Record extracts:
______________________________

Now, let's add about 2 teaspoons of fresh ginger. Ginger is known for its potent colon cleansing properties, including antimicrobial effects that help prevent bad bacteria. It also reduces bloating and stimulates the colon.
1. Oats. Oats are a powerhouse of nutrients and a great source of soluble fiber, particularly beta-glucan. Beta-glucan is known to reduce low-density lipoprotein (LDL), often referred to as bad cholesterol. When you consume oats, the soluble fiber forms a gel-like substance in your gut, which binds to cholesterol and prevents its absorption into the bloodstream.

______________________________

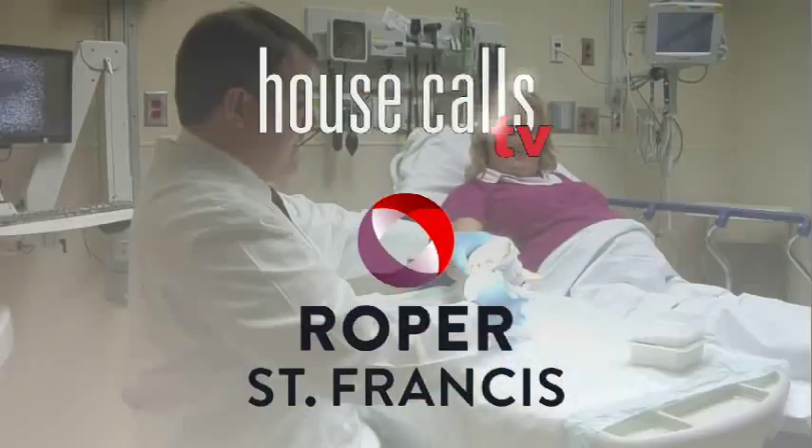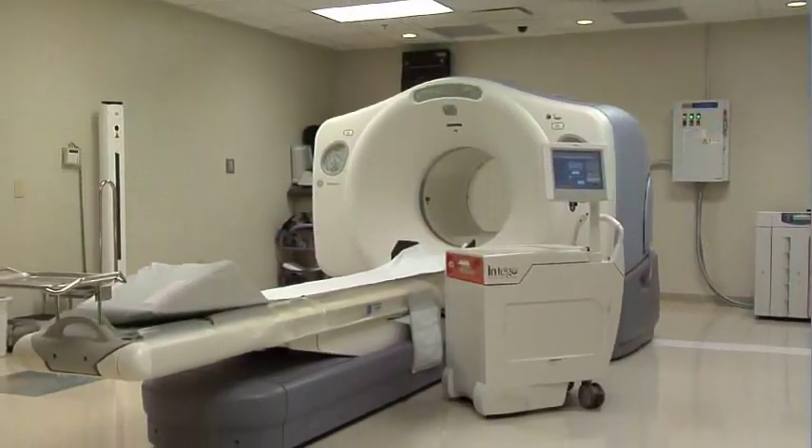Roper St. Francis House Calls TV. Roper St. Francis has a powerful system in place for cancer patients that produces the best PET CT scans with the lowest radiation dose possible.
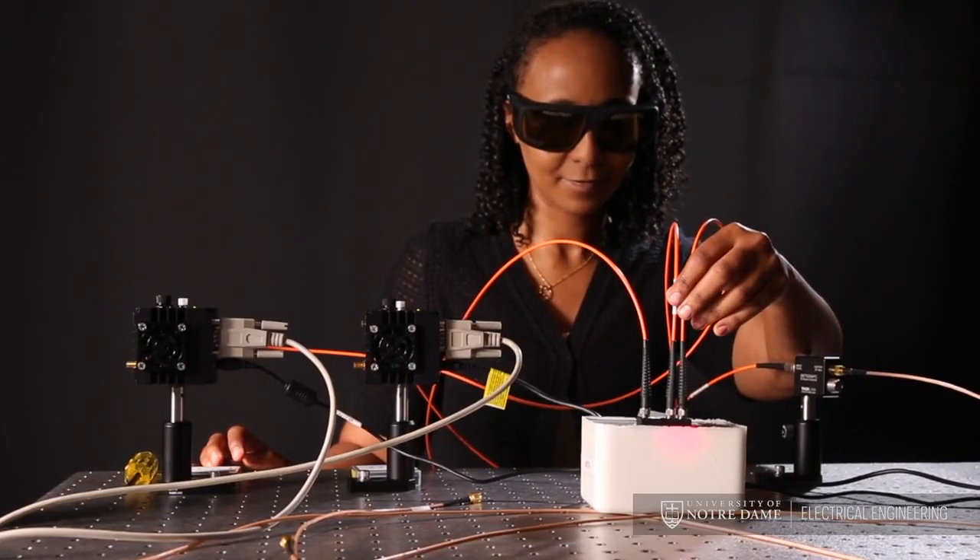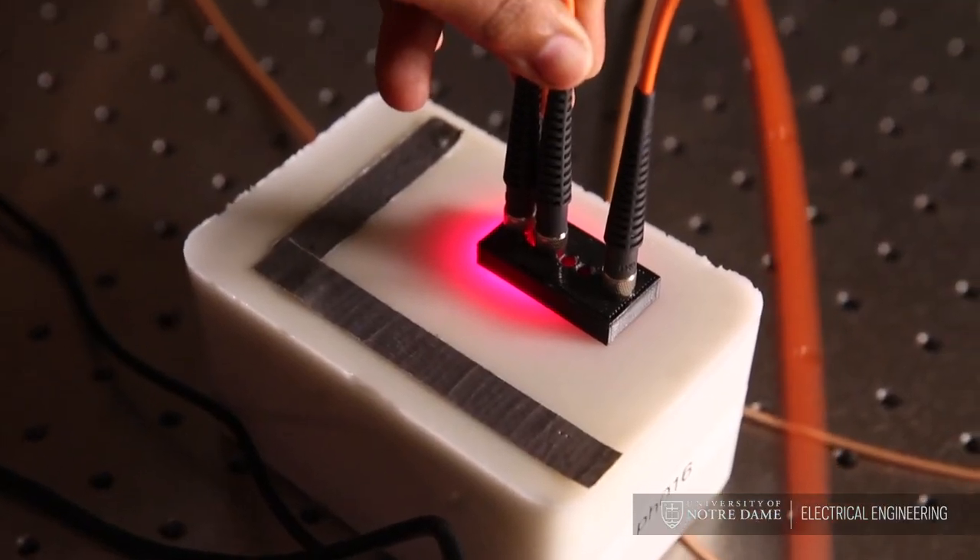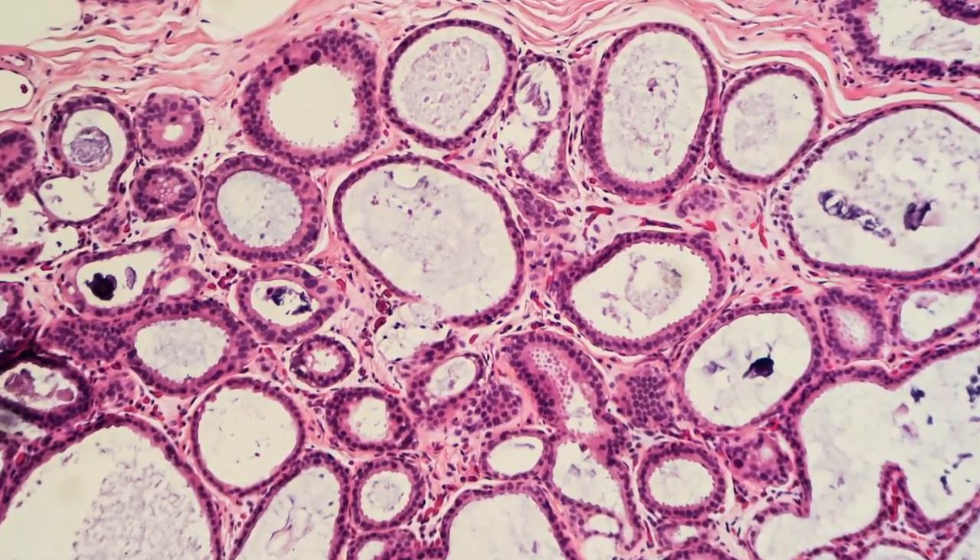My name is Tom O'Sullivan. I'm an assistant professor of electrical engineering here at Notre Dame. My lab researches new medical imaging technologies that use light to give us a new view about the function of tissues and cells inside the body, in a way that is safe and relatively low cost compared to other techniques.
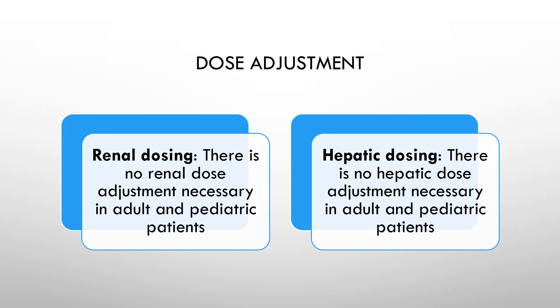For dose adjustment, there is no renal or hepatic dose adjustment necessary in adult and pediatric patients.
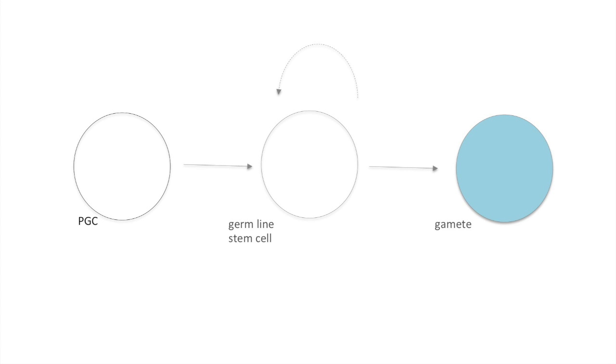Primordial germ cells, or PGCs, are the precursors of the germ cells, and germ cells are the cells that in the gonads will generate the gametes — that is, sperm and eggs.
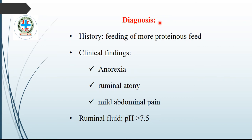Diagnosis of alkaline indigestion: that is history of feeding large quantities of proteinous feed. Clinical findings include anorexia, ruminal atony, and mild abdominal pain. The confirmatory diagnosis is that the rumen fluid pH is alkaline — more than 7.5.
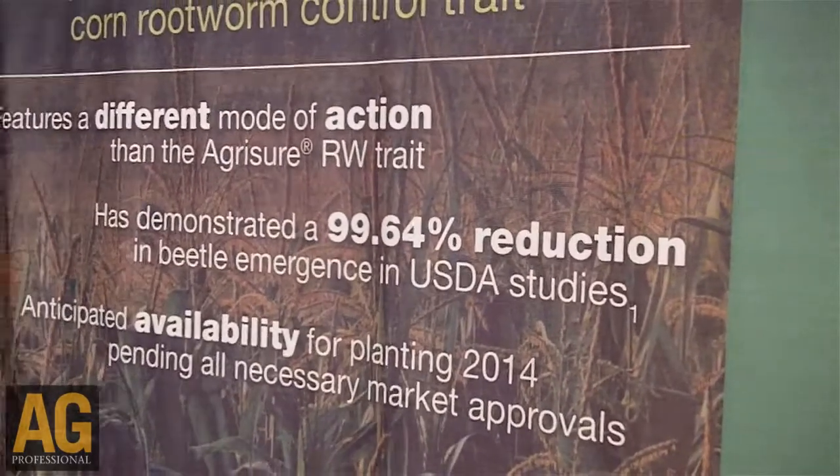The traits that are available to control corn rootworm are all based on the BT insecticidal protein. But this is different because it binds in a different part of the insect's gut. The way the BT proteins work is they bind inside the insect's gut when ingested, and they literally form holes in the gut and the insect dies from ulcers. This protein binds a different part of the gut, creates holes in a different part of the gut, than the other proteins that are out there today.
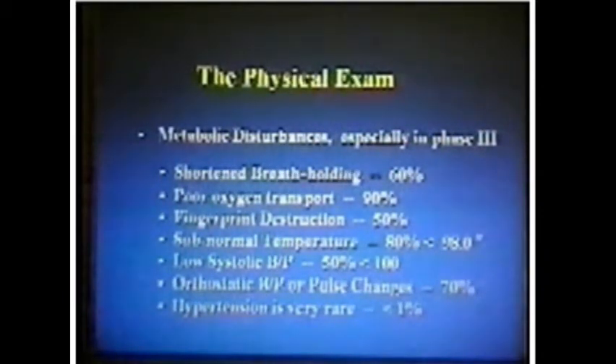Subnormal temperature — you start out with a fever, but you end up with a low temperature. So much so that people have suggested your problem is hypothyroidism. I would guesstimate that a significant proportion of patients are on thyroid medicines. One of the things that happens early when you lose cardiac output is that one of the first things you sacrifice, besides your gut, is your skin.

______________________________

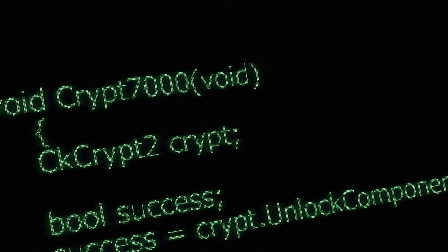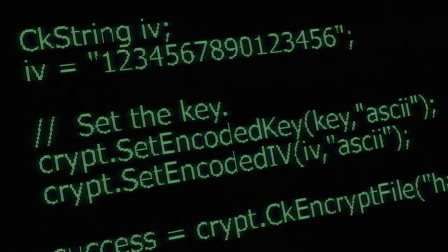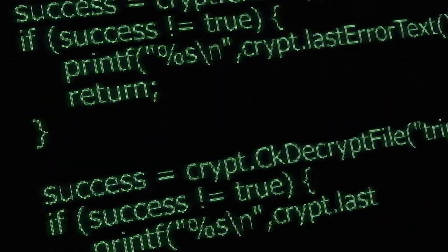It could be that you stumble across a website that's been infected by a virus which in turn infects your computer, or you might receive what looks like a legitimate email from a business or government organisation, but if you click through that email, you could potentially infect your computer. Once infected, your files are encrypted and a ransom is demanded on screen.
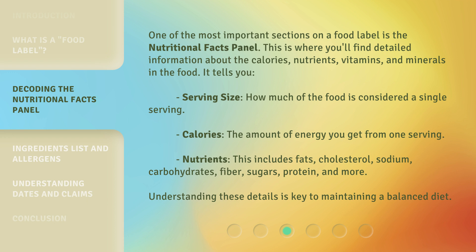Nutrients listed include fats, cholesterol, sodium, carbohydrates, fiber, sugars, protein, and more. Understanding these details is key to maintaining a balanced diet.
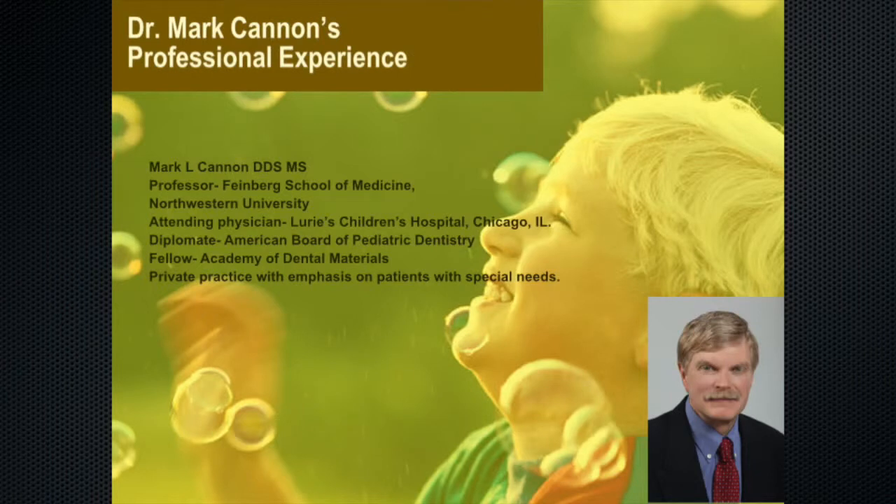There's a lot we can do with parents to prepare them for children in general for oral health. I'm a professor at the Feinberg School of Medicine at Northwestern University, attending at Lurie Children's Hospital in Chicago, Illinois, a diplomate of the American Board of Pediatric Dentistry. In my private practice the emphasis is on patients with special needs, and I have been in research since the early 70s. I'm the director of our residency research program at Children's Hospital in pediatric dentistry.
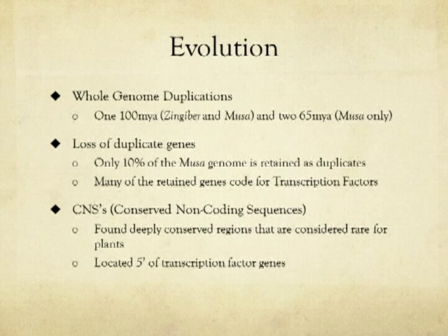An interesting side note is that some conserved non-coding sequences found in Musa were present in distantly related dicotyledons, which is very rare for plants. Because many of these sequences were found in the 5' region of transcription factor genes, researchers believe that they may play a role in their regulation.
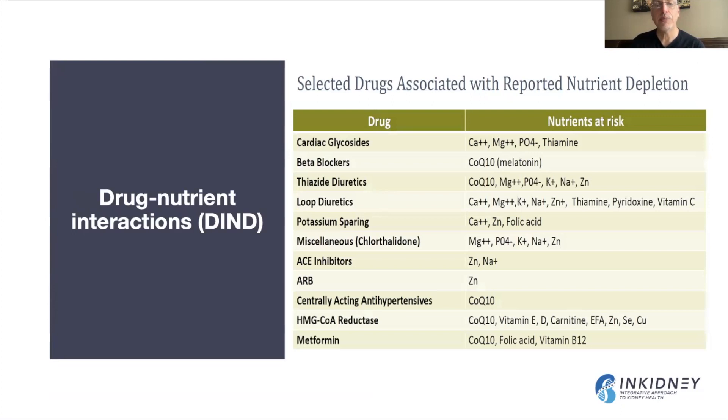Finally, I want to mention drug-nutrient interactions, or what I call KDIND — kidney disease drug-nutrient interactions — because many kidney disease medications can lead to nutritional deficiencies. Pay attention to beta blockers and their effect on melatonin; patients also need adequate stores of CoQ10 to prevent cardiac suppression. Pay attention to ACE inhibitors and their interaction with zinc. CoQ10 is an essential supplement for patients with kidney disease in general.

______________________________

Instructions for the task:
Set down again, exactly, every line above from the one with "Nutrients listed include" down to the one with "Finally, I want", both ends included. No pictures, and nothing else.

Response to this task:
Nutrients listed include fats, cholesterol, sodium, carbohydrates, fiber, sugars, protein, and more. Understanding these details is key to maintaining a balanced diet.
There's a lot we can do with parents to prepare them for children in general for oral health. I'm a professor at the Feinberg School of Medicine at Northwestern University, attending at Lurie Children's Hospital in Chicago, Illinois, a diplomate of the American Board of Pediatric Dentistry. In my private practice the emphasis is on patients with special needs, and I have been in research since the early 70s. I'm the director of our residency research program at Children's Hospital in pediatric dentistry.
An interesting side note is that some conserved non-coding sequences found in Musa were present in distantly related dicotyledons, which is very rare for plants. Because many of these sequences were found in the 5' region of transcription factor genes, researchers believe that they may play a role in their regulation.
Finally, I want to mention drug-nutrient interactions, or what I call KDIND — kidney disease drug-nutrient interactions — because many kidney disease medications can lead to nutritional deficiencies. Pay attention to beta blockers and their effect on melatonin; patients also need adequate stores of CoQ10 to prevent cardiac suppression. Pay attention to ACE inhibitors and their interaction with zinc. CoQ10 is an essential supplement for patients with kidney disease in general.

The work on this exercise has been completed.